ACTIVITY: Note on the material below: return exactly the lines from the line that holds "17201 Euclid Avenue , Cleveland, OH 44112" through the line that holds "Hà Nội ngập cục bộ sau cơn mưa ngắn", and leave out each picture.
*** RECORDED DATA ***
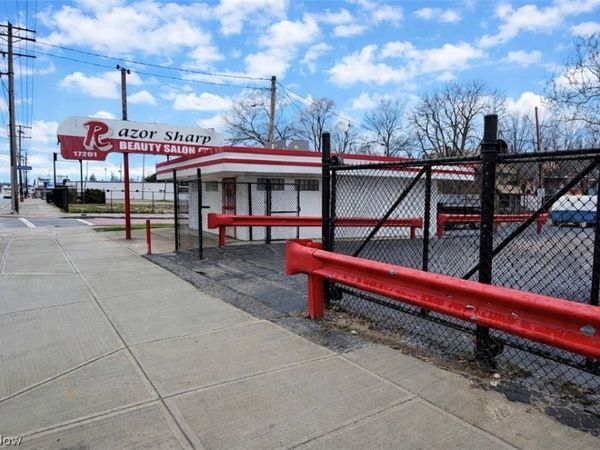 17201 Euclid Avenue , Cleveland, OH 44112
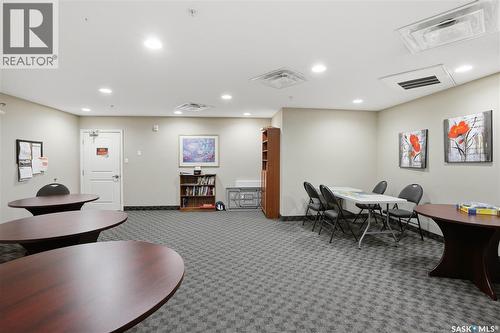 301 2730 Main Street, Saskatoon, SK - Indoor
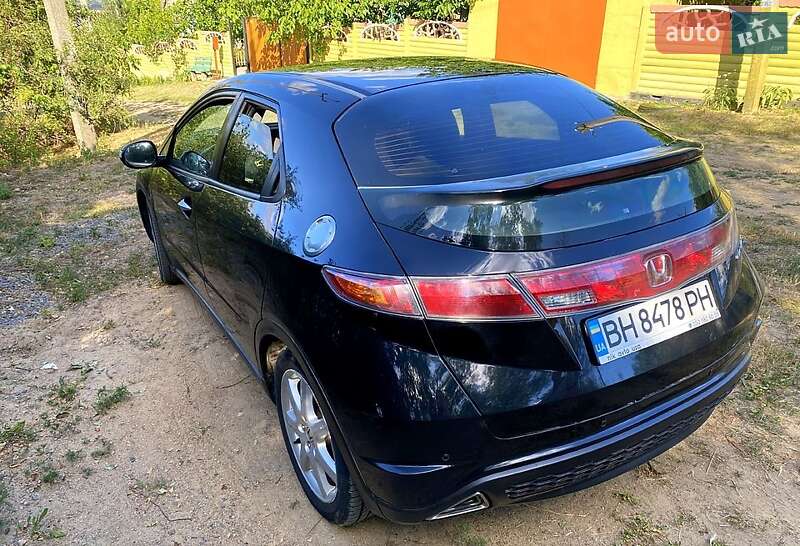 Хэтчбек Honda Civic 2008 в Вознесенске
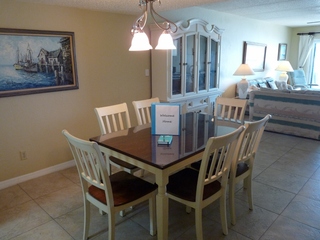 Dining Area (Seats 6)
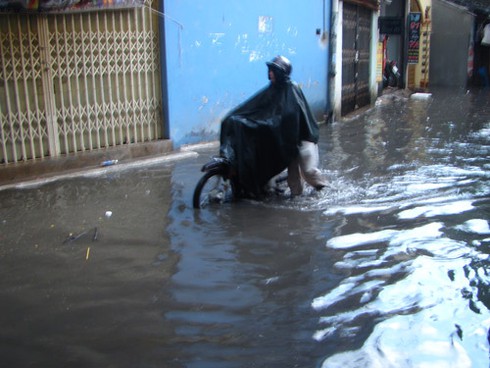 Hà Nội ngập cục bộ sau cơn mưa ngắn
***
*** RECORDED DATA ***
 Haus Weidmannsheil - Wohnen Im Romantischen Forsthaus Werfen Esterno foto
***
*** RECORDED DATA ***
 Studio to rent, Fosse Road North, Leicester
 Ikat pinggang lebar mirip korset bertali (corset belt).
***
SOLUTION TO THE EXERCISE:
 17201 Euclid Avenue , Cleveland, OH 44112
 301 2730 Main Street, Saskatoon, SK - Indoor
 Хэтчбек Honda Civic 2008 в Вознесенске
 Dining Area (Seats 6)
 Hà Nội ngập cục bộ sau cơn mưa ngắn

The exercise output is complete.